Il en était à ramasser à la main les miettes tombées entre les poils du tapis – un balai aurait été inutile sur cette surface, et Malfoy ignorait s'il exista un outil davantage adapté – quand un bruit et un mouvement le firent se redresser en panique. Le chariot magique avait repris vie et se dirigeait vers les portes. Il était donc 10h. Drago se hâta de se relever, de récupérer son propre matériel, et de suivre les trois chariots de l'étage vers le monte-charge. A l'intérieur, il se souvint, paniqué, qu'il lui fallait compléter les documents de Mullan. Il s'en chargea en vitesse, poursuivit difficilement en trébuchant dans son couloir, et acheva juste avant de pénétrer les cuisines. Il rangea son matériel à la hâte, et ressortit avant qu'aucun prisonnier des cuisines n'ait eu le temps de l'interpeler.

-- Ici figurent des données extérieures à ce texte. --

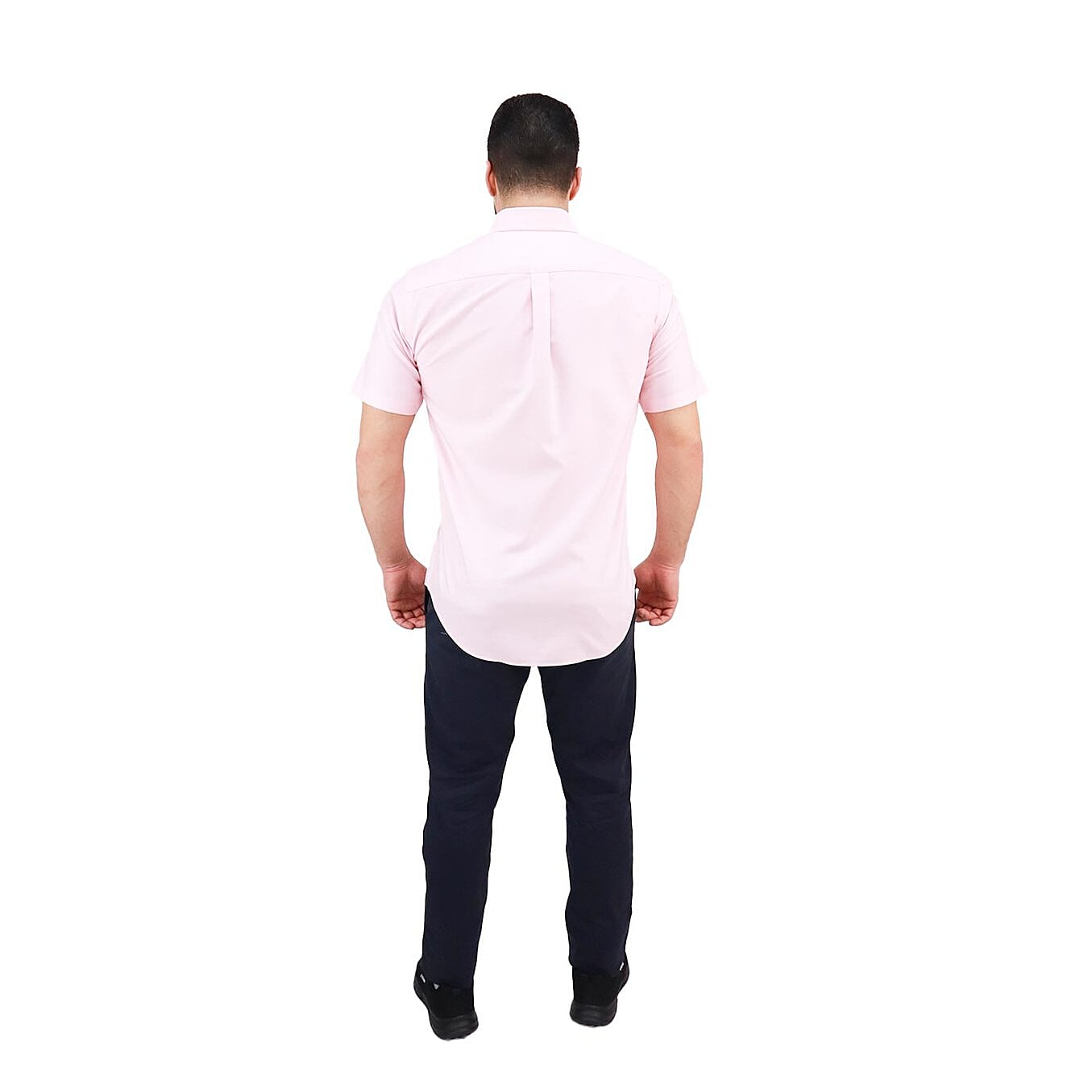 قميص بأكمام قصيرة مقاوم للتجاعيد (ممتاز)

Il posa sa main sur la barre de fer rougeoyante qui lui envoya une nouvelle décharge d'électricité statique, l'autorisant ainsi à passer, et rejoignit sa cellule. Il ferma la porte derrière lui et attendit, dans l'expectative. Enfin, la lumière blanche apparut au-dessus du linteau et s'effaça progressivement, et le bruit d'une serrure s'enclenchant se fit entendre
Il était de retour chez lui.
Il rit. Pas un franc éclat de rire, comme la veille, mais plutôt le rire de soulagement que l'on émet alors qu'il n'y a rien de drôle.
Il était chez lui. Il ôta ses bottines, et se permit enfin un plaisir qu'il avait beaucoup trop repoussé. Il se rendit à son petit lavabo qu'il remplit d'eau glaciale, puis il se déshabilla et se lava entièrement. L'écume grise du savon glissait sur sa peau comme une délicieuse caresse parfumée. Il se frotta entre les orteils, derrière les genoux, des endroits de son anatomie qu'il avait oubliés. Il sortit de l'opération frigorifié, et, tout en claquant des dents, se sécha avec la chaussette qu'il avait conservé. Ça avait été une bonne idée de la garder, une excellente idée. Sans elle, il aurait attrapé la mort.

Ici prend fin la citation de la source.